Les grands récits carcéraux ont désormais un nouveau chapitre. Après Mandela et ses vingt-sept années à Robben Island, Václav Havel sous le régime tchécoslovaque ou encore Soljenitsyne au goulag, voici Nicolas Sarkozy : vingt jours à la prison de la Santé et, déjà, un livre en librairie. Un exploit éditorial qui démontre qu’en France, l’empathie pour les persécutés a parfois le cuir souple.

L’ancien chef de l’État publie en effet Le journal d’un prisonnier, un titre dont l’ambition semble déborder très largement la réalité chronologique qu’il traduit. Vingt jours. Trois semaines. Le temps d’un séjour linguistique, d’un mauvais stage, ou d’une cure thermale ratée. L’histoire retiendra surtout la célérité de l’opération : incarcération, écriture, sortie de prison, publication chez Fayard juste avant Noël. Un cycle complet qui ressemble davantage à une stratégie marketing bien huilée qu’à un cri étouffé venu des profondeurs de l’oppression politique.

Le timing interpelle. On imaginait Mandela rédigeant son autobiographie à la lumière vacillante d’une cellule sommaire. Ici, le récit arrive en librairie à la même vitesse qu’un album surprise de Beyoncé. Le tout emballé dans un positionnement tacite mais clair : celui du martyr républicain, victime d’une justice injuste, survivant d’une épreuve qui n’aura duré qu’un peu plus longtemps qu’une quarantaine de Covid.
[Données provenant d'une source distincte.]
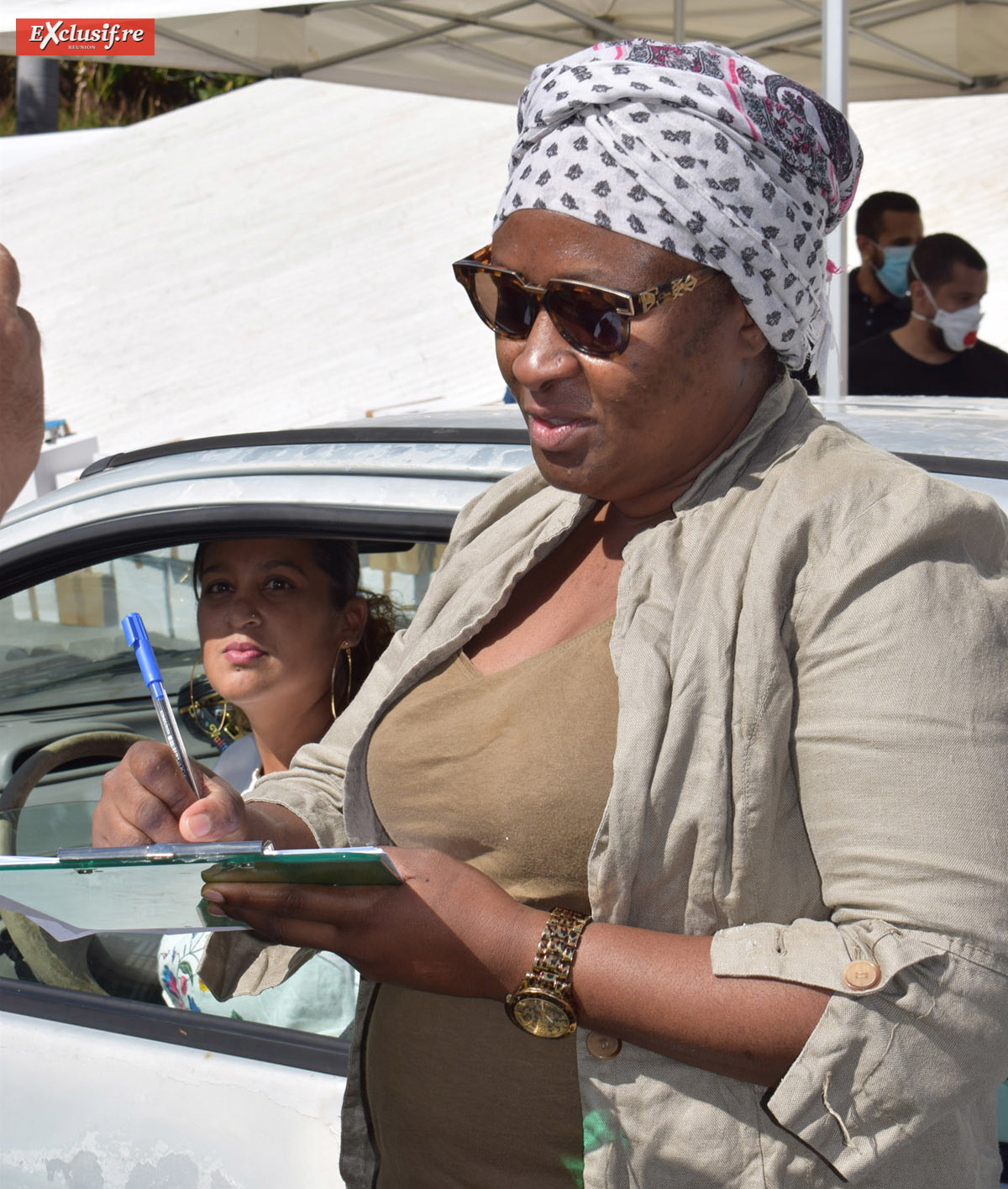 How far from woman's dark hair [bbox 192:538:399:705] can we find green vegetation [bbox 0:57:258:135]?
2505 centimetres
La disproportion entre l’expérience vécue et la mise en scène publique tient du théâtre burlesque. On aurait pu s’attendre à de la pudeur, à une prise de recul, voire à une reconnaissance de la relativité d’une telle “épreuve”. Au lieu de quoi l’on découvre un récit présenté comme un jalon historique, une souffrance exponentielle qu’il conviendrait de prendre au sérieux. Le lecteur, lui, reste libre de constater l’évidence : à ce rythme, chaque contravention pourrait justifier un essai philosophique.

La sortie du livre, méticuleusement calée avant les fêtes, confirme l’intention : offrir à la France un drame personnel clé en main, prêt à emballer, au pied du sapin. Le genre de cadeau à offrir à ceux qui collectionnent les mémoires politiques ou à ceux qui, visiblement, avaient un urgent besoin de relativiser leurs propres ennuis.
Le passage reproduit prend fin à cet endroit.